The handkerchief was in her lap. She played with its rolled edges.
“Did he. You mean did he have one?”
“Yes. Sorry for that.”
“Course he did. Small one,” Angela said. “Don’t know what you call them-pistol or revolver-but a small black one. It’s not there tonight. I looked for it.”
“Where did he keep it?” I had opened the night table drawers for the same reason.
“Right by the front door. On the stand under the TV. It was the best place to have it, so that nobody got in that he didn’t know.”
“You-you didn’t take anything out of there, did you, Angela?”
“Like the gun, Detective? Like I’ve been talking crazy enough so you think maybe I shot my daddy to put him out of his misery?”
She was all puffed up now, full of outrage at me.
“Not the gun. No, I wasn’t thinking of the gun,” I said. I took the chance of smiling at her for a second time. “In my book, everyone’s a suspect till I put the cuffs on the killer. Can’t ever rule out the first one who finds the body.”
“You think I hate Keesh enough to set her up, don’t you?”
“I believe you loved your father. That’s why it’s also hard to ask you whether you think he ever helped himself to any of the reverend’s money. But I’ve got to do it. I’ve been wondering, with all that cash, if you think he-”
“I hope to God he did, Detective. I hope he took fistfuls for himself,” Angela Wilson said. She was on fire now. The whites of her eyes, streaked with ruptured blood vessels from hours of crying, glistened as she talked to me. “I hope Daddy had it hidden well enough that his bitch didn’t find any of it.”
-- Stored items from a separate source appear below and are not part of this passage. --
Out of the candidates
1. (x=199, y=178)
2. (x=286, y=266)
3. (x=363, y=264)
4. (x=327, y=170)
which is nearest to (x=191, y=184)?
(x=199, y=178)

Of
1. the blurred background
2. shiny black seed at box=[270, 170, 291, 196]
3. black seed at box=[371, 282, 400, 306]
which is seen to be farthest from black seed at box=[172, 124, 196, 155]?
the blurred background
“Did you search for that, too, Angela?”
“You got a real mean streak, Detective. You know that? Start out nice and easy, but you got a streak.”
“I’ve been told. You haven’t seen that side yet. I got no reason to show it. I’m asking you the same thing I’d ask anyone else in this position.”
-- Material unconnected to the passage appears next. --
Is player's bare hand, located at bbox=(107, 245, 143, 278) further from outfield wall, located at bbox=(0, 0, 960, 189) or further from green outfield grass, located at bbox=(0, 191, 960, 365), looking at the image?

“I didn’t say I searched anywhere, did I?”
“You looked for the gun.”
“Damn right I did. I called 911 just as soon as my hand stopped shaking so bad I could actually dial the three numbers. Then I looked for the gun in case Shipley or any of those felons he collects showed up at Daddy’s bedside before you gentlemen did.”
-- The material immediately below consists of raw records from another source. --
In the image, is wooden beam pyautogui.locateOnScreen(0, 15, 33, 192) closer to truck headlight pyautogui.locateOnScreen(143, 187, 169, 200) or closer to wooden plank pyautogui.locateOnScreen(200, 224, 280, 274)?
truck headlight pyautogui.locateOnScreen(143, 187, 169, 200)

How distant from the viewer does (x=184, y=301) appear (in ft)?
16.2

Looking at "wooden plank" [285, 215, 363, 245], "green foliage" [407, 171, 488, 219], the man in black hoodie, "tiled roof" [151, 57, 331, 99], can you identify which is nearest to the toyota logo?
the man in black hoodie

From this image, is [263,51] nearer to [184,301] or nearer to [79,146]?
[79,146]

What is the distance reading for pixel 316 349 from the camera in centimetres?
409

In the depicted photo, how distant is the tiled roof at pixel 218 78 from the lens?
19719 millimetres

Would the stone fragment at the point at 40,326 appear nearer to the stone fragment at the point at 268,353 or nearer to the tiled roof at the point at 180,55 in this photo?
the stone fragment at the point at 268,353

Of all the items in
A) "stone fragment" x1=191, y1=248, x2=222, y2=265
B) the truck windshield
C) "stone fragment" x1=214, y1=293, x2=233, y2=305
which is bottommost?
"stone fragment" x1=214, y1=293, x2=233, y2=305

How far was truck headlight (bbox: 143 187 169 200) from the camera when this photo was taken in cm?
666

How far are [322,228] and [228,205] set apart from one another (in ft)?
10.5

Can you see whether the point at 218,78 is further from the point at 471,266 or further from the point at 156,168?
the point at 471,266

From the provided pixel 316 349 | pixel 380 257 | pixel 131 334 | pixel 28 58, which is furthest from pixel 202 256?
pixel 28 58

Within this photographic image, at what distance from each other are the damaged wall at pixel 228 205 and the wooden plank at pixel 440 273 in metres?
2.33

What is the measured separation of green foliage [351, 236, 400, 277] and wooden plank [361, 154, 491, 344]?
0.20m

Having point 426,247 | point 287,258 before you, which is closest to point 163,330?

Angela Wilson was weeping again.
There was a soft knocking on the apartment door.
“Give me five more, Lee. We’re almost done,” I said, without taking my eyes off Angela.
“Right now, Chapman,” he said, cracking the door to talk to me.
“Back off, will you? Five minutes.”
I was getting everything I wanted and more from Wilson’s daughter. I didn’t need Petrie to interrupt her mood swings or the flow of her information.
“Pretty urgent,” Lee Petrie said. “The Most Reverend Hal Shipley is here to offer a moment of silent prayer over the body of Wynan Wilson.”
ELEVEN
“Mike Chapman. Homicide.”
“Hal Shipley. The Reverend Hal Shipley. Pleased to meet you.”
I didn’t want to remind him that we’d met before. The circumstances were never happy ones when a police officer crossed the path of a self-righteous charlatan. I almost put his lights out when he led a protest at the wake of a cop who’d been slain by a teenage psychopath. I’d wanted to collar him ten years back when he’d lied about a young woman who had fabricated a rape case and identified an innocent man as her assailant. He had sneered at me on the steps of City Hall and in the stairwell of a housing project where a parolee had ambushed a rookie cop.
“You mind stepping out of Mr. Wilson’s apartment? It’s a crime scene.”
“Wynan Wilson is a dear friend of mine, Detective. I’d like to see him, be alone with him for a moment. Pray for his soul.”
“Not possible. Just kindly back out into the hallway. You shouldn’t have been allowed in, in the first place.”
“I’m his spiritual adviser,” Shipley said, putting the palm of his hand on my chest. “You don’t understand.”